Recorded information |

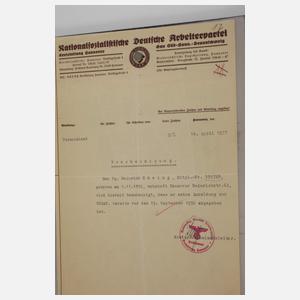 Konvolut Papiere, Belege und Feldpost 3. Reich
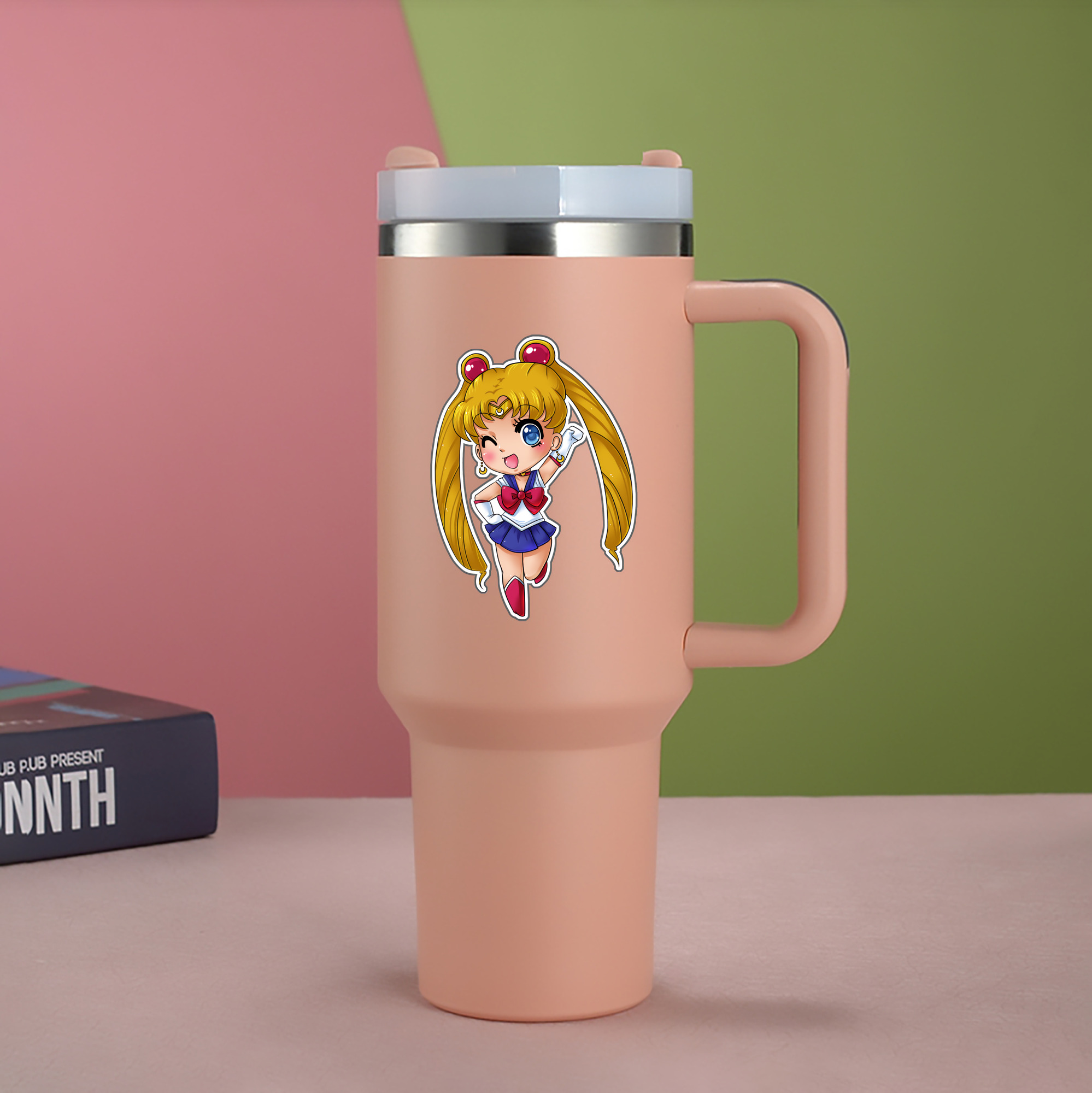 （画像用） 美少女戦士セーラームーン 月野 うさぎ つきの うさぎ Sailor Moon Tsukino Usagi 1200mL車用タンブラー（カラープリント）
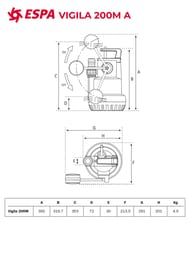   ESPA VIGILA 200M A 105776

Task brief |
Restate the listing word for word. Pictures do not belong in the copy.

Output of the task |
 Konvolut Papiere, Belege und Feldpost 3. Reich
 （画像用） 美少女戦士セーラームーン 月野 うさぎ つきの うさぎ Sailor Moon Tsukino Usagi 1200mL車用タンブラー（カラープリント）
   ESPA VIGILA 200M A 105776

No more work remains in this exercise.